Segment Start: Extracted material

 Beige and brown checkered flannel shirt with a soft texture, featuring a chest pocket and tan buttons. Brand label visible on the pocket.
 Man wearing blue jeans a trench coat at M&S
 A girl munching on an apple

Segment End: Extracted material
Segment Start: Extracted material

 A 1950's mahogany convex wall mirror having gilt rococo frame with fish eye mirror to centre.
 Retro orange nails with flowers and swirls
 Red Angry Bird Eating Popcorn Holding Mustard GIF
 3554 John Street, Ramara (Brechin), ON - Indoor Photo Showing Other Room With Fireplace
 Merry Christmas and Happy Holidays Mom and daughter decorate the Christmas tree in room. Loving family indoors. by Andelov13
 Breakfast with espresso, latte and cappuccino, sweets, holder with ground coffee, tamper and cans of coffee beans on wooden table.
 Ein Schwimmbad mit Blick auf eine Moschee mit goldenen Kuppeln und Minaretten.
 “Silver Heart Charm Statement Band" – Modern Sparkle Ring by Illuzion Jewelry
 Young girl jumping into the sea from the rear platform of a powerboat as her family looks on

Segment End: Extracted material
Segment Start: Extracted material

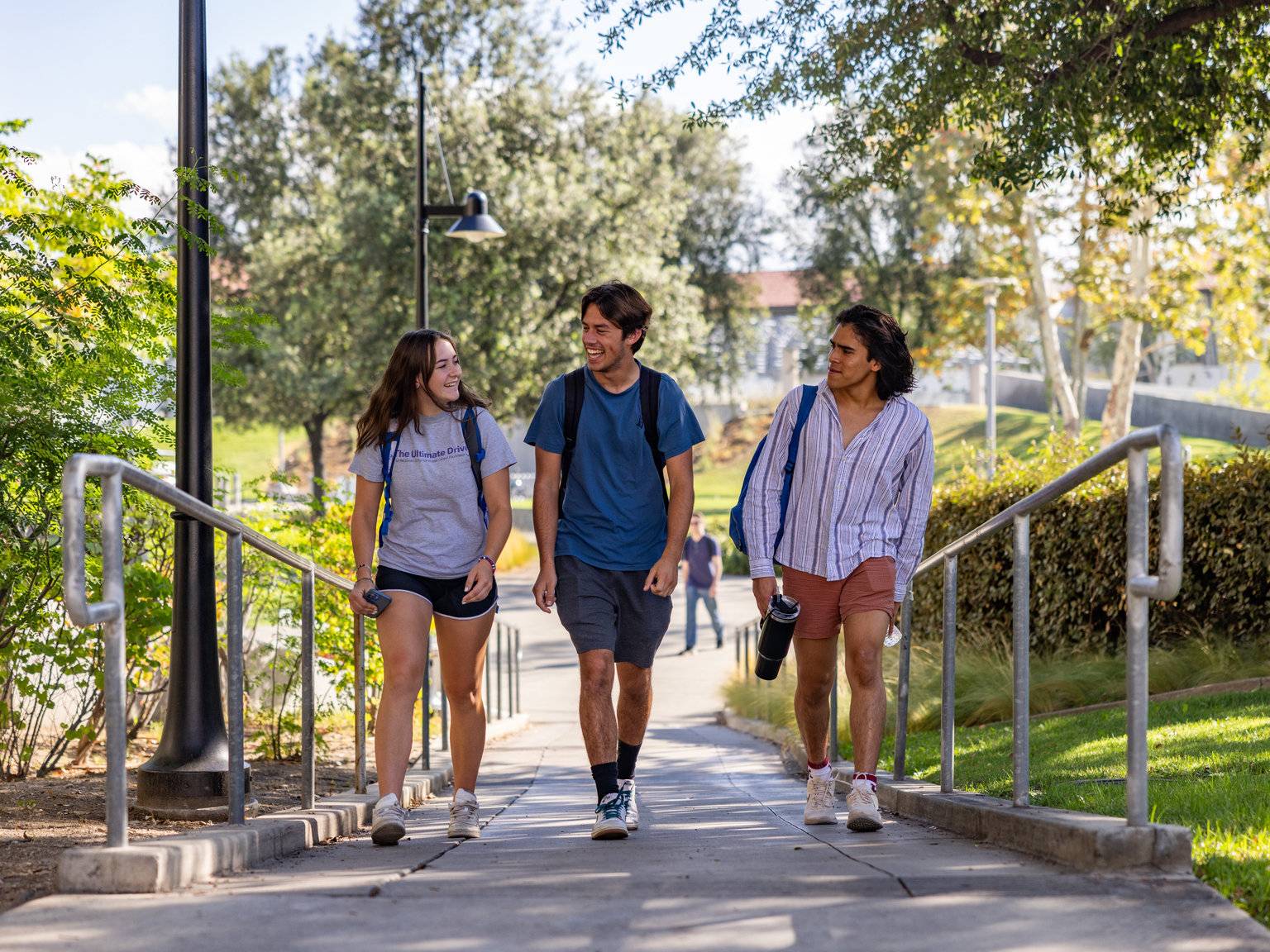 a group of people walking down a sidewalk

Segment End: Extracted material

▶ Work required
Starting with the line that holds "Retro orange nails with flowers and swirls" and ending with the line that holds "Young girl jumping", retype every line in the data above exactly, and nothing else.

▶ Answer to the problem
 Retro orange nails with flowers and swirls
 Red Angry Bird Eating Popcorn Holding Mustard GIF
 3554 John Street, Ramara (Brechin), ON - Indoor Photo Showing Other Room With Fireplace
 Merry Christmas and Happy Holidays Mom and daughter decorate the Christmas tree in room. Loving family indoors. by Andelov13
 Breakfast with espresso, latte and cappuccino, sweets, holder with ground coffee, tamper and cans of coffee beans on wooden table.
 Ein Schwimmbad mit Blick auf eine Moschee mit goldenen Kuppeln und Minaretten.
 “Silver Heart Charm Statement Band" – Modern Sparkle Ring by Illuzion Jewelry
 Young girl jumping into the sea from the rear platform of a powerboat as her family looks on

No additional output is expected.